Rise Of The Lord Of Tentacles Full Version -

They called it many names in the lost tongues: K'thul-Mirek, the Thousand-Ribboned King, the Father of the Squirming Tide. But the oldest mer-whispers simply named it The Reach.

Some went mad. Some went holy. A few went both and began carving the spiral into their own forearms. Within three weeks, the cult had a name: The Quivering Palm. Their doctrine was simple: the Lord of Tentacles was not a monster but a midwife. It would not destroy the world. It would unbirth it—peel back the skin of reality and let the true amniotic dark flood in.

Sefira sits on a throne of fused cartilage, her shadow now larger than she is, performing a dance that no one watches but everyone feels. She has begun to forget the bargain. Soon, she will forget her name. Soon after that, she will forget that forgetting is strange.

When the Lord rises, it does not swim. It unfolds —a process that takes nine days. On the first day, the tips of the smallest tentacles appear at every shoreline simultaneously. On the third day, the mid-tentacles breach, each one carrying a colony of symbiotic jellyfish that sing in ultraviolet. On the seventh day, the great tentacles rise, and with them comes the Gaze : not eyes, but pressure organs that read the terror in your spine and play it back to you in a frequency that dissolves cartilage. rise of the lord of tentacles full version

Some people screamed. Some laughed. Some simply went limp and allowed the tentacles to lift them into the air, where they hung like ornaments on a terrible tree, their eyes vacant, their mouths whispering the Lord's new song: "Let go. Let go. Let go."

The Lord of Tentacles does not speak anymore. It has nothing left to say. It has already learned the color inside the stone.

The Lord of Tentacles possesses no central head, no heart, no brain in any recognizable sense.

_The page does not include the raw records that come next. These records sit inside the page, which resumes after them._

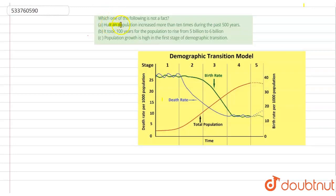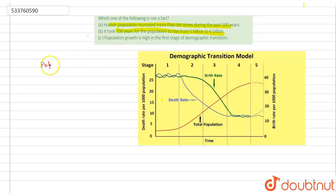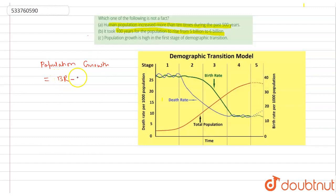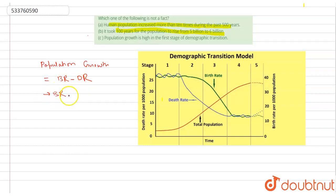If I talk about the first option — population growth increased more than 10 times in the past 500 years — and option B: it took 100 years for the population to increase from 5 billion to 6 billion. You can see that both options may not be factual. Population growth follows a simple formula: birth rate minus death rate, divided by some reference quantity — but basically birth rate minus death rate is the main thing.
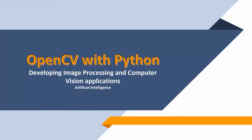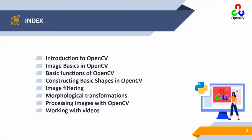Hi everyone, a very warm welcome to this exciting course on OpenCV with Python programming language. This is a course on the development of image processing and computer vision applications using the OpenCV library with Python, and it falls under the bigger umbrella of artificial intelligence.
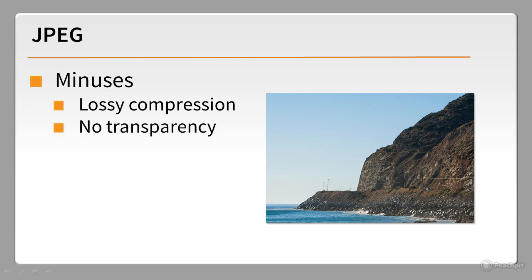Another drawback of JPEG is that it doesn't support transparency. Nevertheless, it's an excellent choice for photographs.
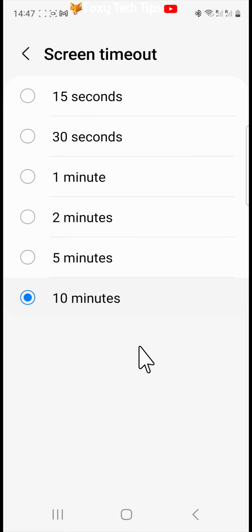There is a way to turn the screen timeout off, but only when your phone is charging. I will now show you how to turn off the screen timeout when your phone is plugged in.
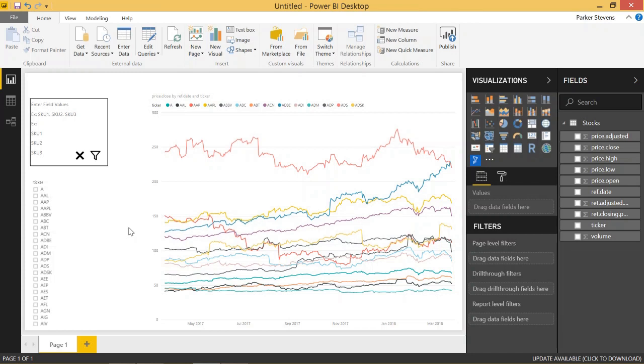In today's video, I'm going to show you a very simple way to import stock data into your Power BI model. This involves using R, so make sure you have R downloaded on your machine, and then it's a very simple process.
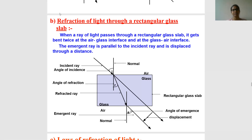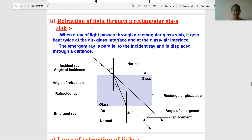Hello viewers. In the last few videos we tried to understand what refraction is and how reflection takes place in the case of lenses. In this class we'll try to understand refraction through the glass slab — how refraction is going to affect us.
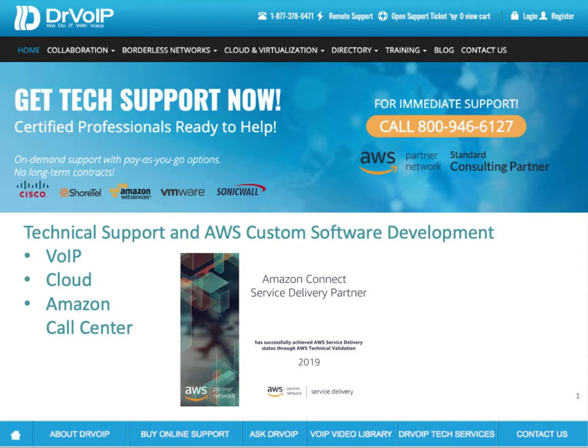Hey, Peter Buswell here for DrVoIP.com. We are an Amazon Connect service delivery partner. So if there's anything we can do to help you get your contact center up and running, or integrated with some special custom requirement you have, please give us a call. We'd be glad to help.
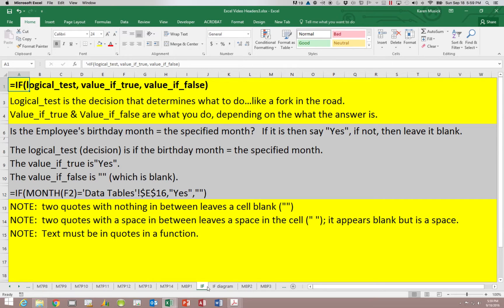If the birthday month is not equal to the specified month, then we need to leave this cell blank. It's important to remember that in Excel, two quotes with nothing in between them will set a cell to blank. If you put a space in between the two quotes it will appear the same as blank but it is storing a space, and so it will be marked wrong on both an exam or a SAM project. Make sure that a blank is two quotes with nothing in between them.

It is a distributed consciousness woven through a body that covers sixty-seven percent of the abyssal plain. Its tentacles number in the thousands—some thin as spider silk (these are the spies), some vast as mountain ranges (these are the shapers ). Between the tentacles hang curtains of ciliated membrane that filter the dreams of sleeping creatures like whales and human children. They called it many names in the lost

She meant it as comfort. It was not. On the seventh day, the sky turned inside out. Stars fell upward. The horizon curled like a burning photograph. And the Lord of Tentacles rose completely .

The Lord considered this. Remembering, after all, is a form of resistance—a refusal to be fully dissolved into the abyssal bliss. No one had ever asked to remember.

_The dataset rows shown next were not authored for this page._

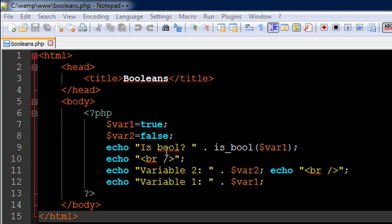So the Boolean data type allows you to have only two values. The first one's true and the other one's false, and you have to use the text true and false explicitly.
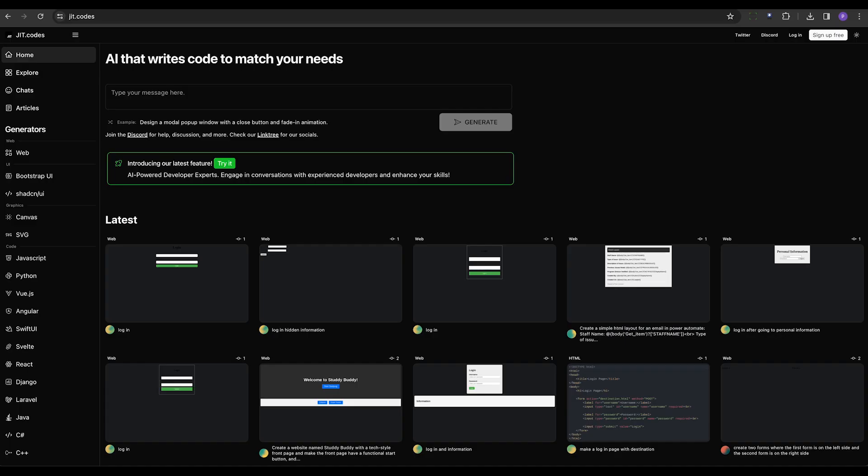Jit.card transforms text into code using AI-generated HTML, CSS, and JavaScript. It's a free tool that allows quick prototype building and web page generation.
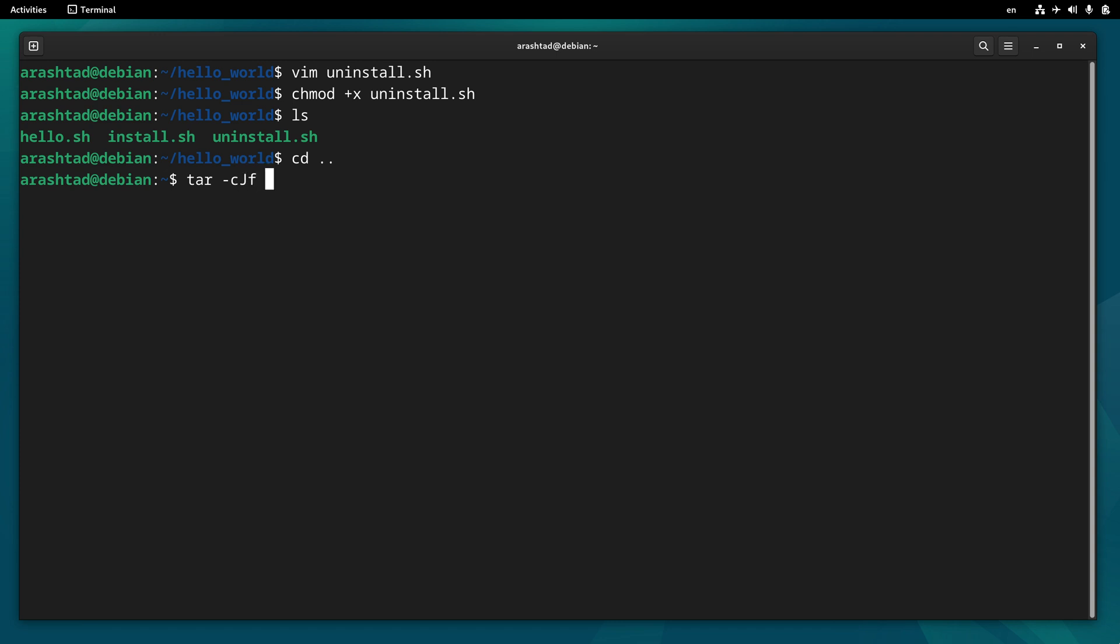And also I call it hello_world.tar.xz, and then I give it the path to the directory by just pressing enter. The binary is created and ready to install now.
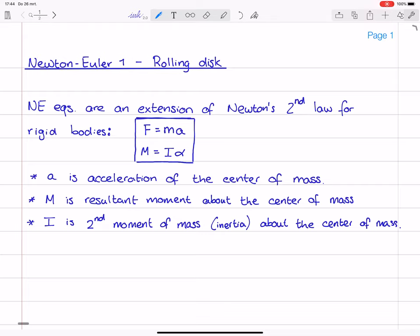Very important to keep in mind: if we take the moment balance about some other point, in general it will go wrong. The moment balance about an arbitrary point will have additional terms that we are forgetting if we just apply M equals I times alpha. For me personally, there's no benefit whatsoever in taking the moment balance about another point than the center of mass. So I will just stick to this rule — one exception only, next lecture.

You are made of meat, the pressure sang. I am made of more. Let me teach you to unknit. Some went holy

The sea rose without wind. The moon turned the color of a bruise. And from the harbor of the drowned town of Candlewick, a single tentacle breached the surface—pale as a drowned man's hand, thick as a redwood, covered in eyes that had never seen sunlight.

She spoke the words that had been growing in her dreams like tumors:

Every coastal settlement within two hundred leagues shared the same nightmare: a vast, starless ocean beneath an impossible sky. And from the depths, rising slowly, a crown of writhing appendages, each lined with suckers that opened like lamprey mouths. The Lord did not speak in words. It sang in pressure—a subsonic hymn that vibrated in the marrow, promising secrets of the flesh.

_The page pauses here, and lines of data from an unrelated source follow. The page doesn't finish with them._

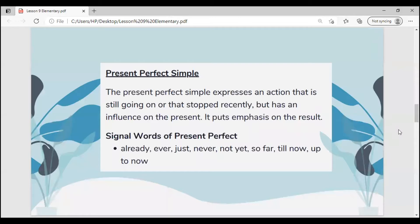Present perfect simple. The present perfect simple expresses an action that is still going on, or that stopped recently but has an influence on the present. It puts emphasis on the result. Signal words of present perfect can be: already, ever, just, never, not yet, so far, till now, or up to now.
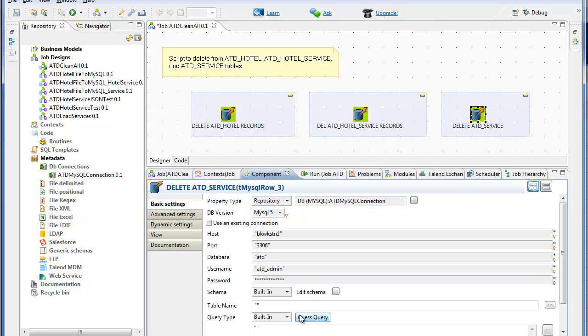And when I run the command, run the job, it is going to run each of the three components. This is the SQL from the third statement.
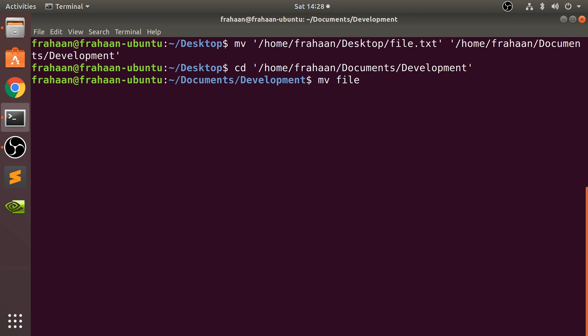So if I'm in that directory, let's do file.txt. Want to rename it to epic dot, maybe not txt, maybe it is a, let's think, a dot INI file. If we move it into the same directory, it will actually work.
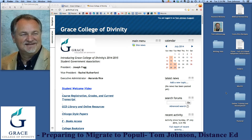Welcome, professors. My name is Tom Johnson and I am the Dean of Distance Education here at Grace College of Divinity. In this first video, I want to take just a few minutes to help you prepare to migrate from Moodle to Populi.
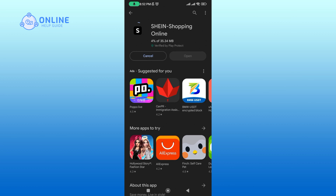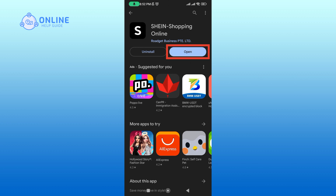This process may take a few minutes. Once the installation is complete, tap Open to launch the app.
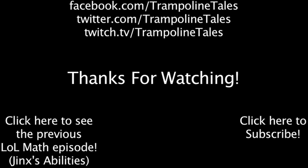You can also like LoL Math on Facebook, follow me on Twitter, and watch me live stream on Twitch. Thanks for watching this episode of LoL Math.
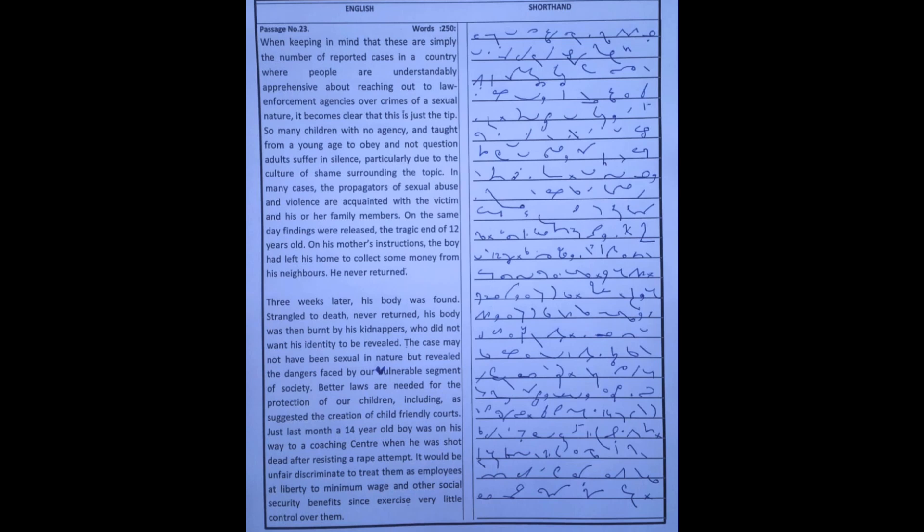Three weeks later, his body was found, strangulated to death. His body was burned by his kidnappers, who did not want his identity to be revealed.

Led by a former lighthouse keeper named Sefira the Unwoven, they offered no blood sacrifices. Instead, they offered movement . They danced in the tide pools, their limbs twitching in mockery of tentacles. They learned to hyperextend their joints, to swallow their own tongues and speak backward. Each act of bodily surrender sent a tiny ripple through the veil.

The tentacles did not crush cities. They entered them—sliding through windows, under doors, up through the latrines. They did not kill. They explored . They wrapped around bedposts and children's ankles and the throats of kings. They pulsed gently, learning the shape of human hope, cataloguing it like a collector pressing rare flowers.